[Brief descriptive captions]
* * * * *
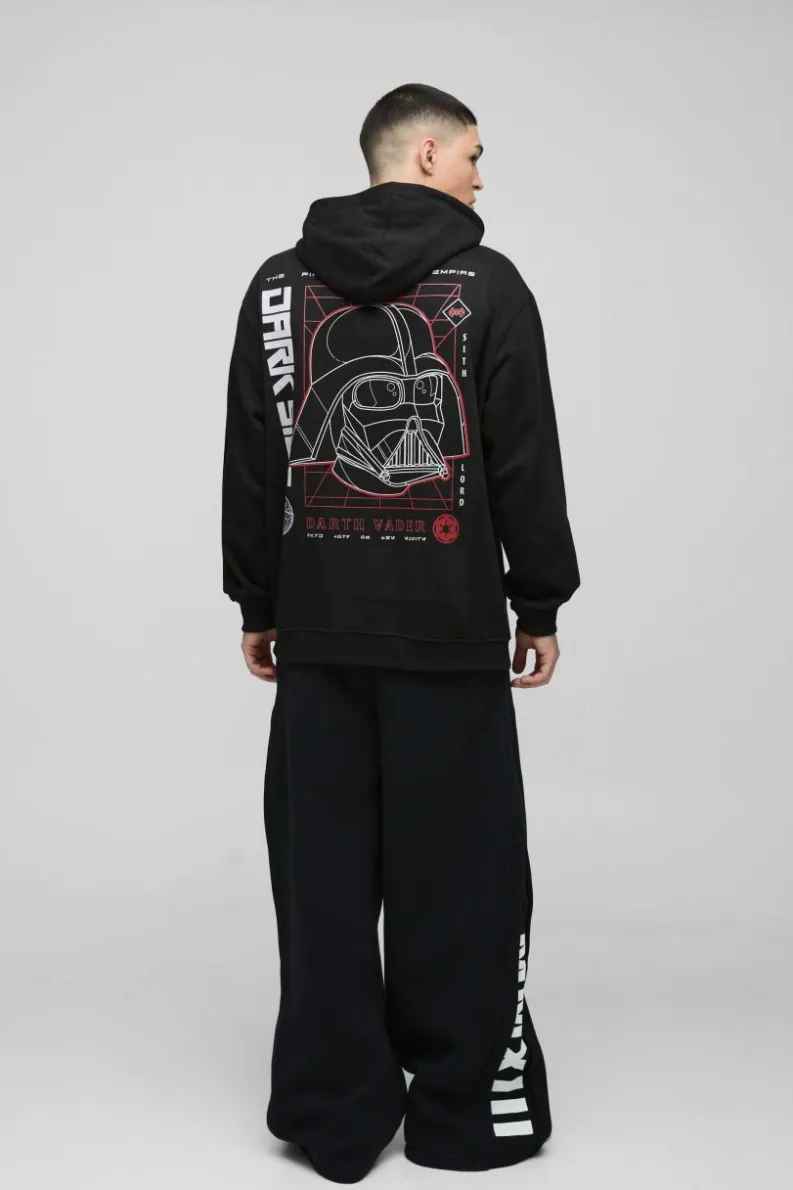 Cheap boohooMAN Oversized Star Wars Disney License Print Hoodie black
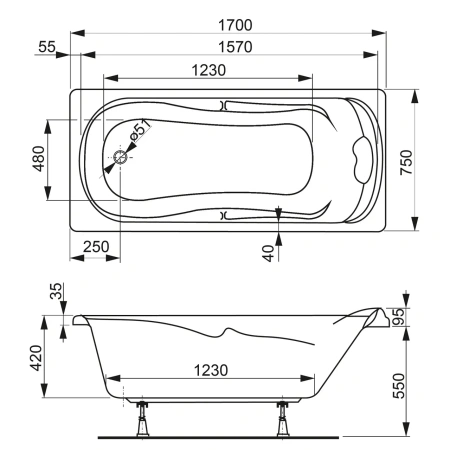 Акриловая ванна VAGNERPLAST CHARITKA 170x75 Акриловая ванна VAGNERPLAST CHARITKA 170x75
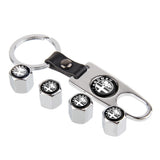 4pcs/set Alfa Romeo Car Air Valve Stem Cap Auto Tyre Valve Covers with Keychain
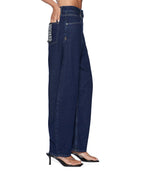 Womens Barrel Jean Original Rinse Barrel Leg Denim Jeans - Denim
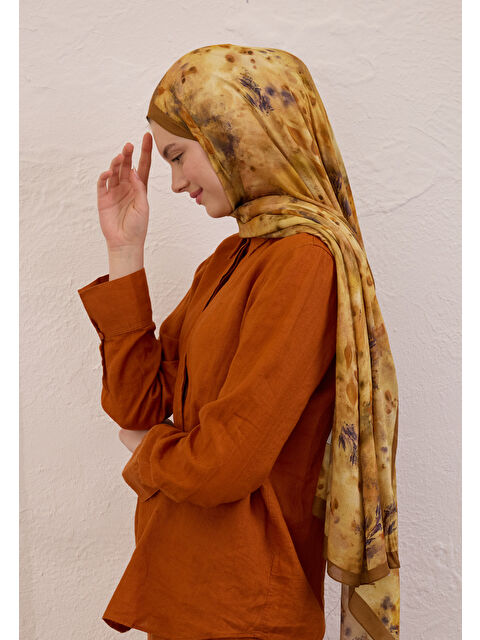 Fresh Scarfs Naomı Desen Rami Şal Toprak - S000420279-14742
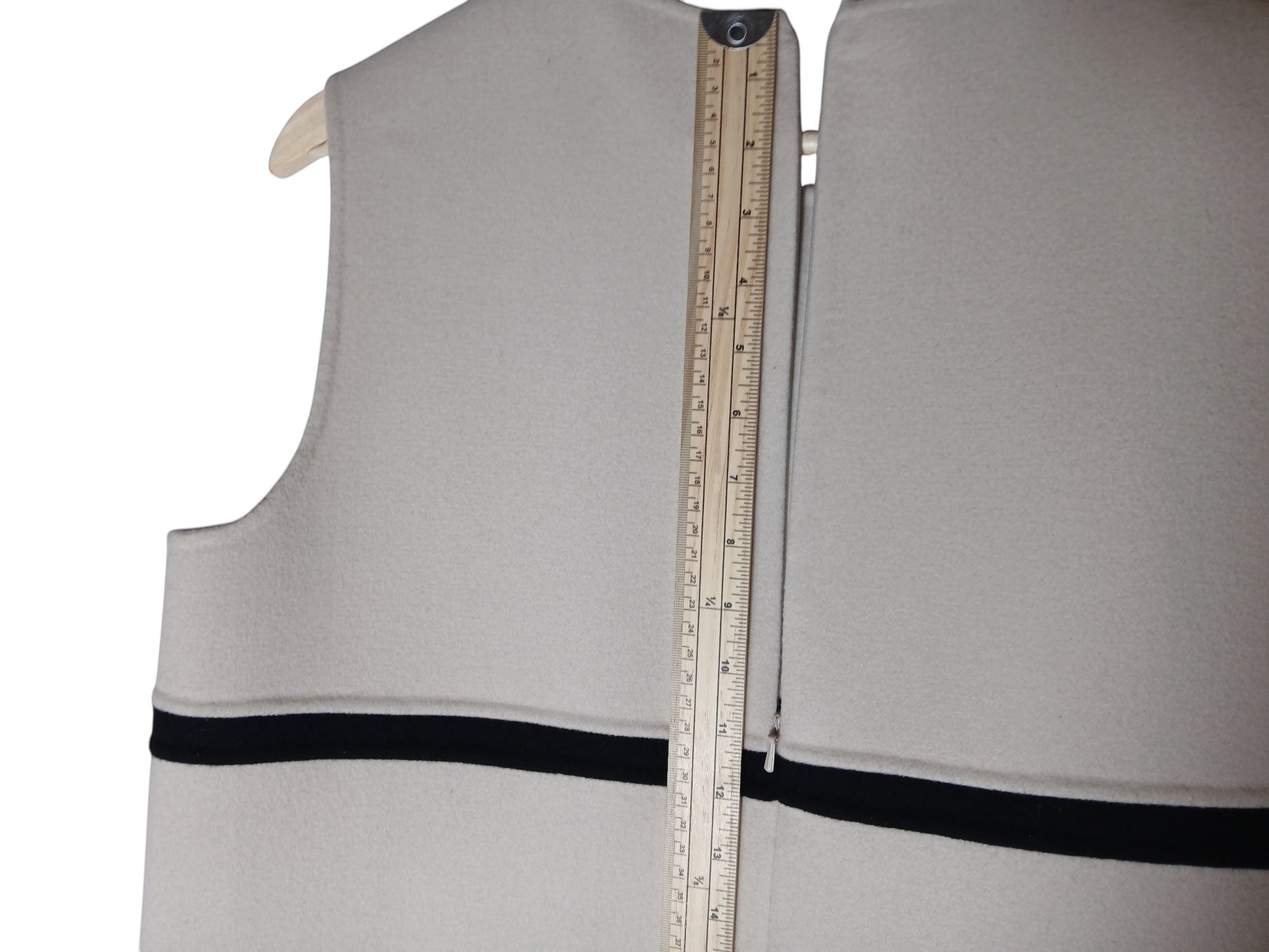 Department Store UK pre-loved 'S Max Mara beige pure wool dress with black trim detail being measured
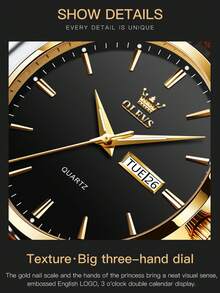 OLEVS Classic Quartz Watch For Men Waterproof Leather Strap Calendar Sports Business Men's Quartz Wrist Watch TOP Brand - One Size Fits All - View 7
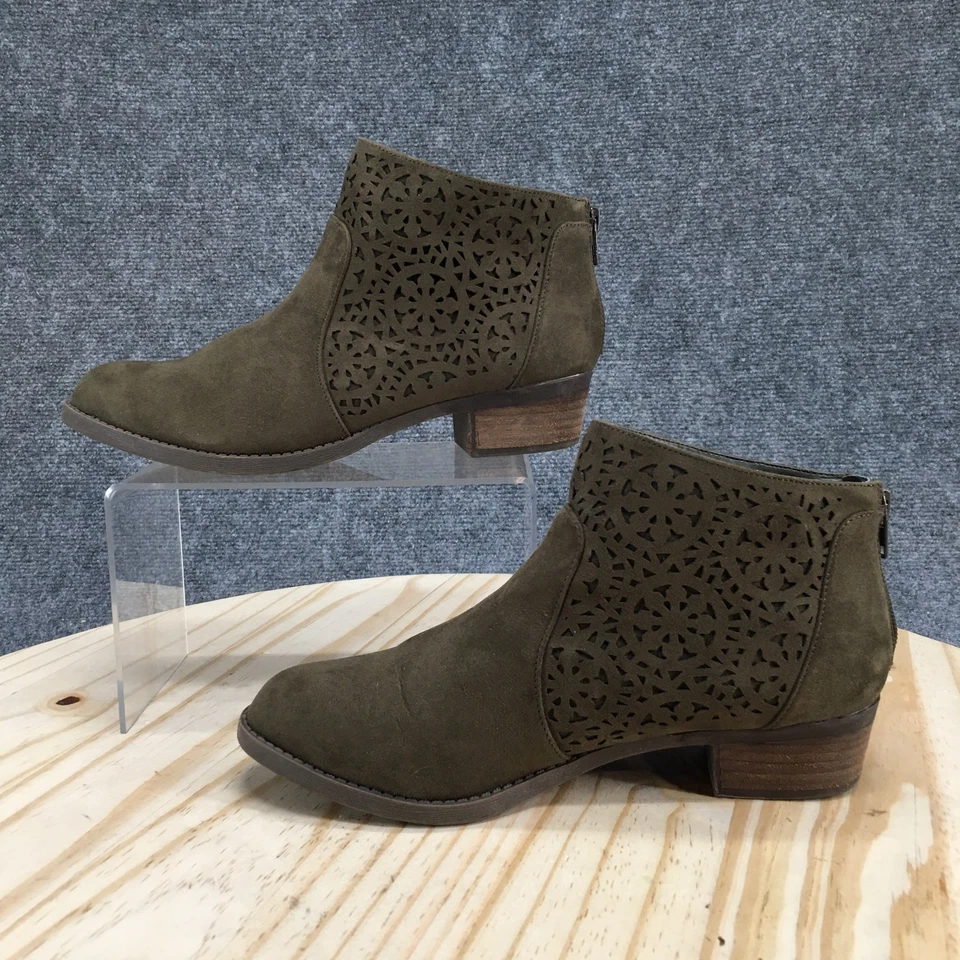 Carlos Botas Mujer 7M Olive Brett Botín Perforado Gamuza Occidental Informal Foto 2 de 4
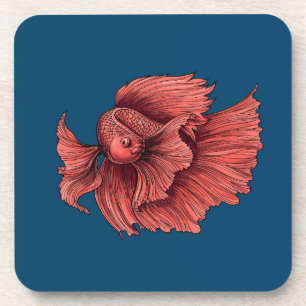 Dessous-de-verre Combat de poisson siamois corail
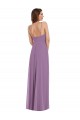 Low Back Soft Chiffon Spaghetti Straps Long Sleeveless Bridesmaid Dress / Formal Dress Southampton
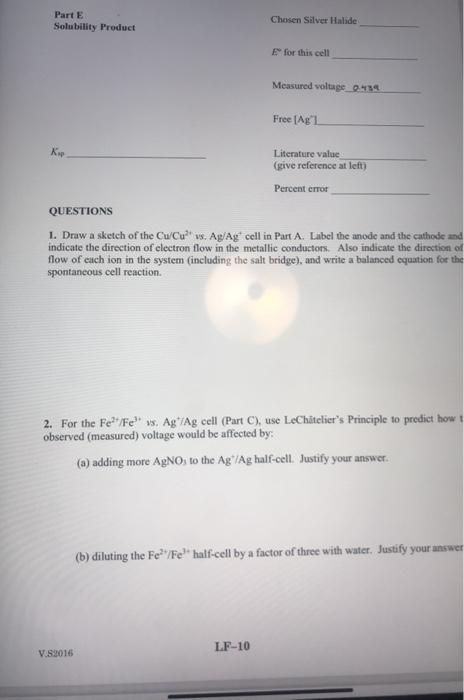 Solved Report your results for each part of the experiment | Chegg.com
* * * * *
**EXERCISE BRIEF:**
Hand back the data above exactly, leaving out all pictures.

**OUTPUT FOR THIS EXERCISE:**
 Cheap boohooMAN Oversized Star Wars Disney License Print Hoodie black
 Акриловая ванна VAGNERPLAST CHARITKA 170x75 Акриловая ванна VAGNERPLAST CHARITKA 170x75
 4pcs/set Alfa Romeo Car Air Valve Stem Cap Auto Tyre Valve Covers with Keychain
 Womens Barrel Jean Original Rinse Barrel Leg Denim Jeans - Denim
 Fresh Scarfs Naomı Desen Rami Şal Toprak - S000420279-14742
 Department Store UK pre-loved 'S Max Mara beige pure wool dress with black trim detail being measured
 OLEVS Classic Quartz Watch For Men Waterproof Leather Strap Calendar Sports Business Men's Quartz Wrist Watch TOP Brand - One Size Fits All - View 7
 Carlos Botas Mujer 7M Olive Brett Botín Perforado Gamuza Occidental Informal Foto 2 de 4
 Dessous-de-verre Combat de poisson siamois corail
 Low Back Soft Chiffon Spaghetti Straps Long Sleeveless Bridesmaid Dress / Formal Dress Southampton
 Solved Report your results for each part of the experiment | Chegg.com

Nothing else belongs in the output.